Paris | Au terme d’une longue réunion, gouvernement et partenaires sociaux ne sont pas parvenus à trouver un compromis jeudi sur la réforme des retraites, contestée depuis deux semaines, éloignant l’espoir d’un retour à la normale des transports publics pendant les congés de Noël.
«Rien de concret (...) le premier ministre n’a pas entendu la rue», a déclaré à l’issue de la rencontre Philippe Martinez, leader du syndicat CGT à la pointe de la contestation qui paralyse les transports depuis le 5 décembre, en particulier en région parisienne.
L’intersyndicale (CGT, Force ouvrière, CFE-CGC, Solidaires et FSU), qui réclame le retrait pur et simple du projet du gouvernement, a appelé à une nouvelle journée de manifestations et de grèves le 9 janvier, a annoncé M. Martinez dans la foulée.
Un appel auquel ne s’est pas jointe la CFDT, le premier syndicat français qui soutient le principe de la réforme, mais s’oppose à une mesure visant à inciter les Français à travailler plus longtemps.
Les syndicats ne sont pas tous sur la même ligne face au système à point voulu par le gouvernement pour remplacer les 42 régimes de retraite existants, dont des régimes spéciaux qui permettent notamment aux conducteurs de train de partir plus tôt.
Le secrétaire général de la CFDT, Laurent Berger, a ainsi salué jeudi soir le « climat constructif » des discussions avec le premier ministre Édouard Philippe. Il a toutefois souligné qu’il restait « un point dur » sur la mise en place dès 2022 d’un « âge d’équilibre » de 64 ans. Cette mesure vise à maintenir l’équilibre financier du système, chacun pouvant continuer à partir à la retraite à 62 ans, mais avec un malus sur sa pension et un bonus pour ceux partant après.
De son côté, M. Philippe a estimé que la rencontre avait permis des «avancées» et annoncé qu’il réunirait de nouveau les partenaires sociaux «dans les premiers jours de janvier».
«La grève continue»
Dans l’immédiat, le chaos dans les transports risque de se poursuivre pendant les vacances de Noël, qui débutent vendredi soir, la CGT-Cheminots, principal syndicat au sein de la compagnie ferroviaire SNCF, ayant décidé de poursuivre la grève.
«La grève continue» et «deux actions sont programmées: le Noël des grévistes et des rassemblements le 28 décembre», a annoncé à l’AFP Laurent Brun, secrétaire général de la CGT-Cheminots, dont l’organisation représente environ un tiers des conducteurs de train et plus de 40% des contrôleurs.
L’Unsa ferroviaire, deuxième syndicat de la SNCF, a pour sa part demandé «une pause pour les vacances scolaires», a précisé à l’AFP son secrétaire général, Didier Mathis.

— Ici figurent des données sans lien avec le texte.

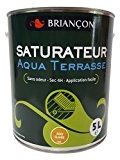 Briançon SATAQUABC5 Saturateur Aqua Terrasse  Bois Clair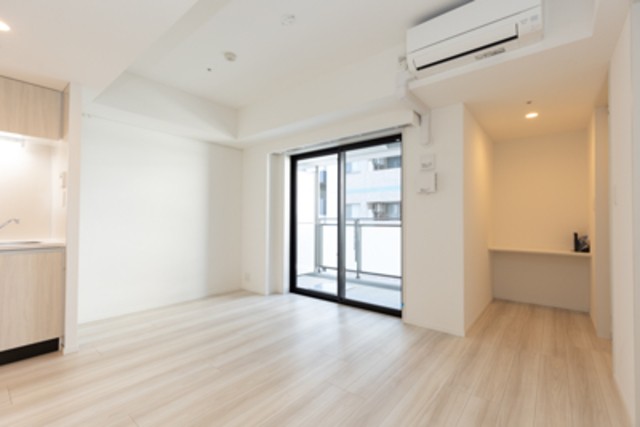 ※写真は同タイプ住戸です。(居間)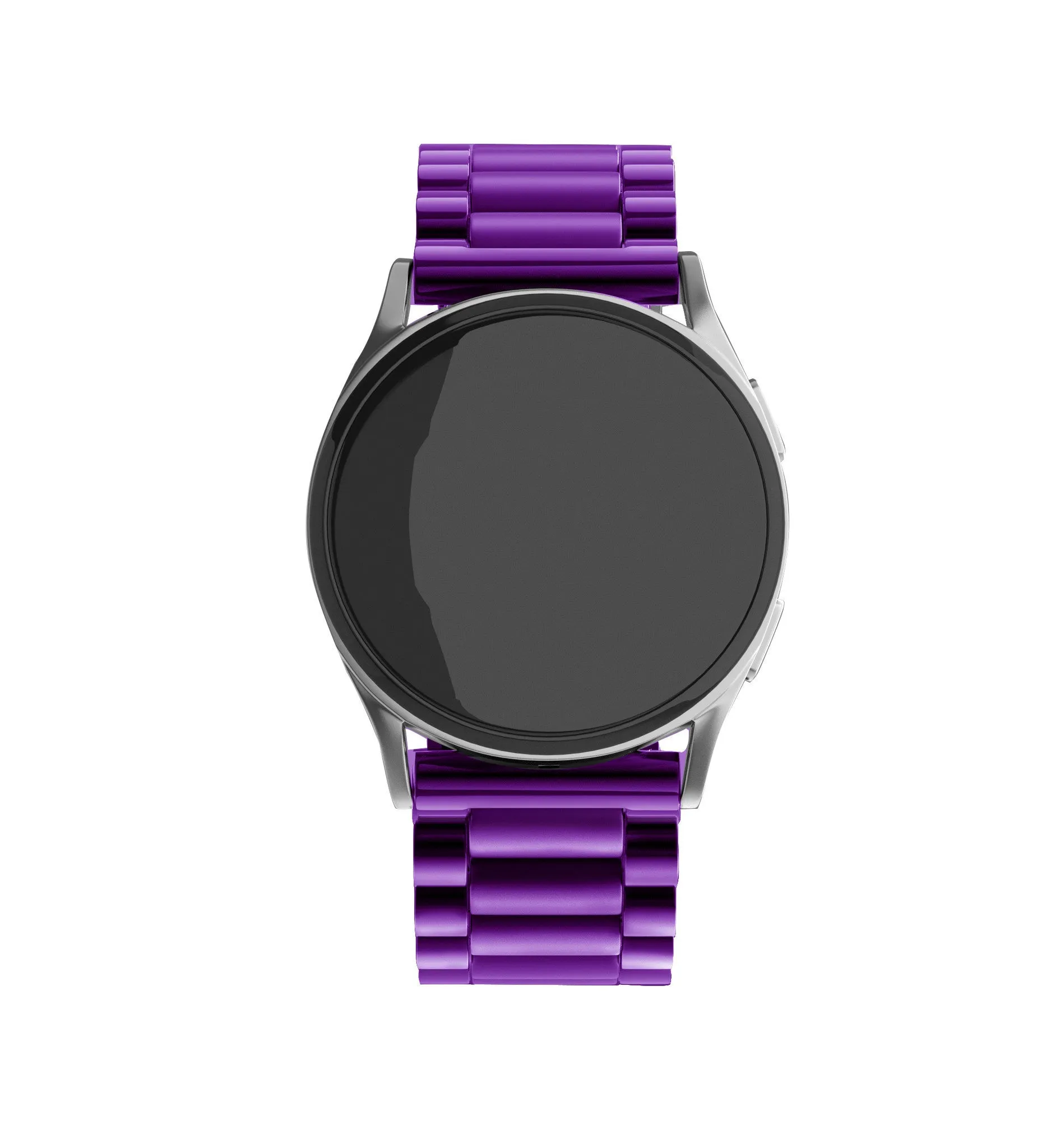 Best-Selling Huawei Watch 3 (Pro) Steel Strap (Purple)  Limited Availability!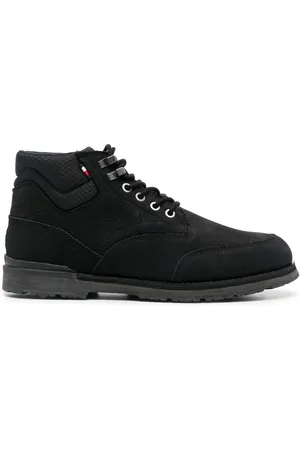 Tommy Hilfiger Nubumix Wildlederstiefel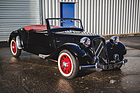 Citroën Traction 11B Cabriolet (1939) - als Lot 130 angeboten an der RM/Sotheby's Paris Versteigerung am 6. Februar 2019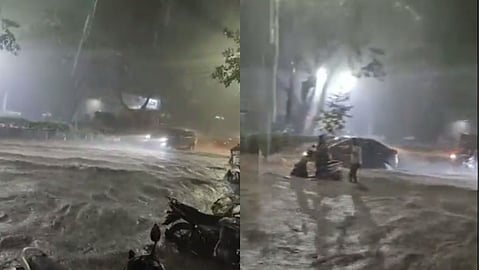 Pune Rain News
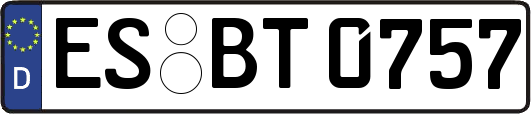 ES-BT0757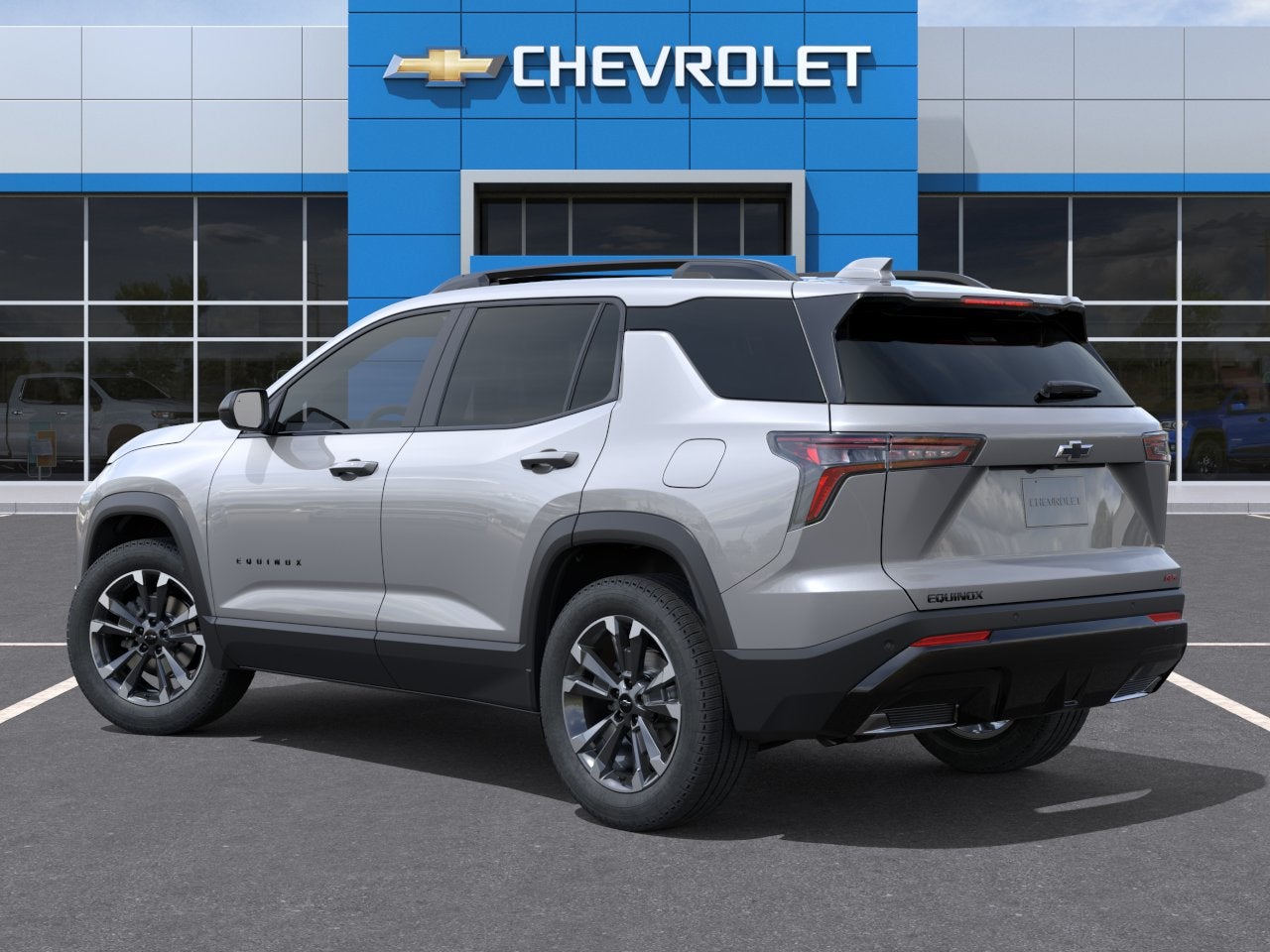 2027 Chevrolet Equinox RS - Photo 26
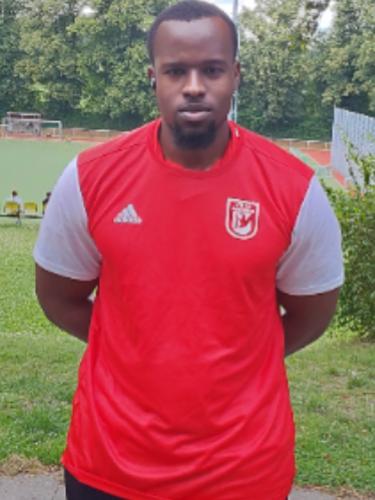 Sampson Jakob Geburuke
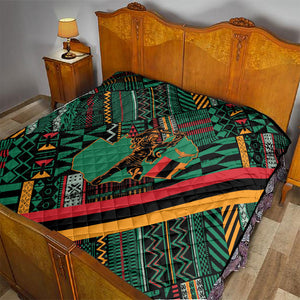 Zambia Victoria Falls Quilt Indigenous Wild Animal Skins Tribal Patchwork
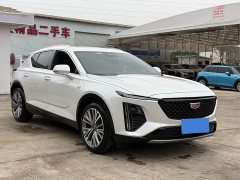 Cadillac GT4 25T Luxury - ფოტო 3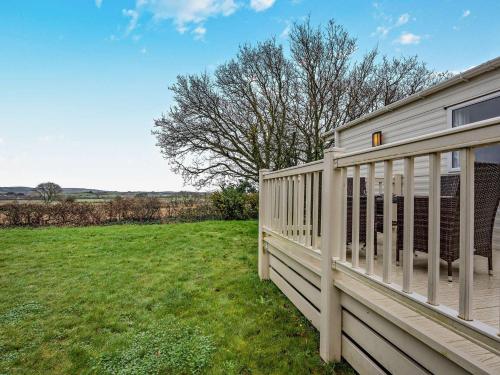 Κήπος έξω από το 3 Bed in Ventnor 94278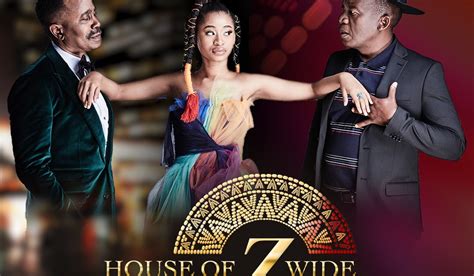 Meet the cast of House of Zwide which premiere tonight on eTV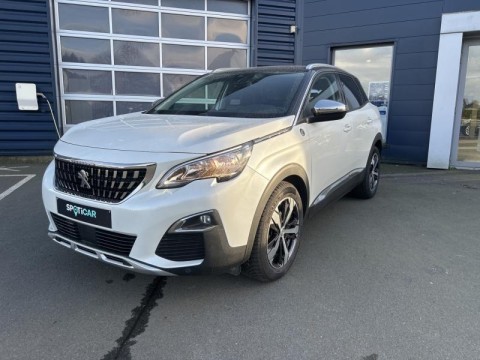 PEUGEOT 3008 1.6 BlueHDi 120ch Crossway S&S EAT6
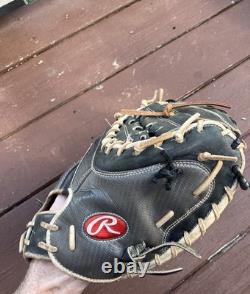 Rawlings HoH Heart of the Hide PROCM41BCF 34 Catcher's Glove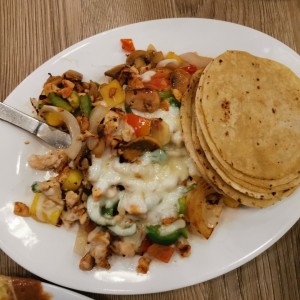 Alambre de pollo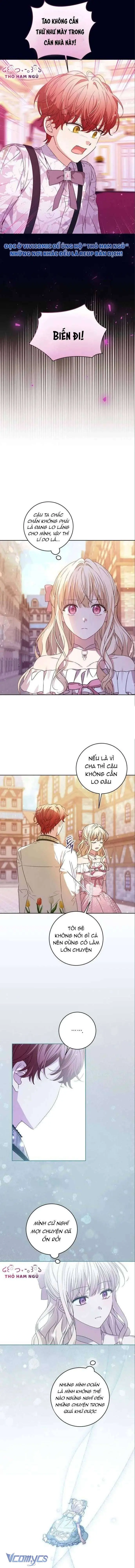 Gia Đình Phản Diện Phản Đối Tự Lập. Chapter 11 - Trang 6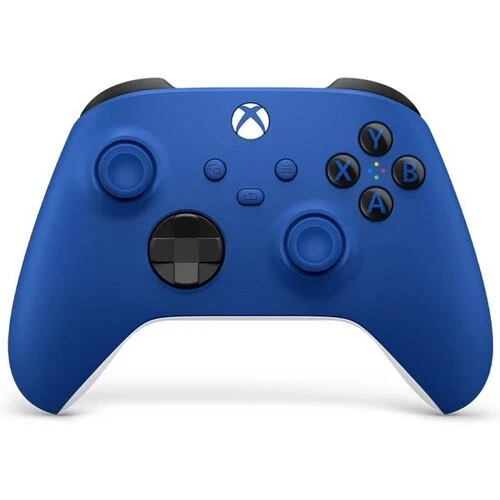 Microsoft Xbox Wireless Controller, Modrý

Près de 60% des trains prévus les 23 et 24 décembre ont pour l’instant été annulés à cause de la grève des cheminots.
Ces quinze jours de grève - qui ont aussi entraîné des blocages de ports ou de raffineries - commencent à peser sur l’économie. Les secteurs du commerce et du tourisme, pour lesquels la période des fêtes est cruciale, ont notamment vu leur chiffre d’affaires chuter de 25 à 45%. La situation est «catastrophique à Paris», selon l’Union des métiers et industries de l’hôtellerie (Umih).
Le système de retraite est un sujet éminemment sensible en France, la population restant attachée à un système par répartition jusqu’à présent réputé comme l’un des plus protecteurs au monde.
L’exécutif promet un dispositif «plus juste», quand les opposants à la réforme redoutent une «précarisation» des retraités, avec un départ plus tardif et des pensions plus basses.
Les détracteurs du projet comptent sur l’impopularité du président Emmanuel Macron pour sortir victorieux du conflit et sur un contexte social tendu depuis la mobilisation du mouvement social des «gilets jaunes», mais aussi sur les mécontentements exacerbés dans les hôpitaux et parmi les étudiants, les policiers et les agriculteurs.
Cette réforme est une promesse de campagne du président Macron, qui a fait de la «transformation» du pays la raison d’être de son quinquennat. Il joue donc gros dans ce conflit.
Des cortèges de manifestations ont été organisés jeudi dans toute la France. Lors des journées de mobilisation des 5 et 17 décembre, respectivement 806 000 et 615 000 personnes selon le ministère de l’Intérieur (1,5 et 1,8 million selon le syndicat CGT) ont manifesté dans le pays.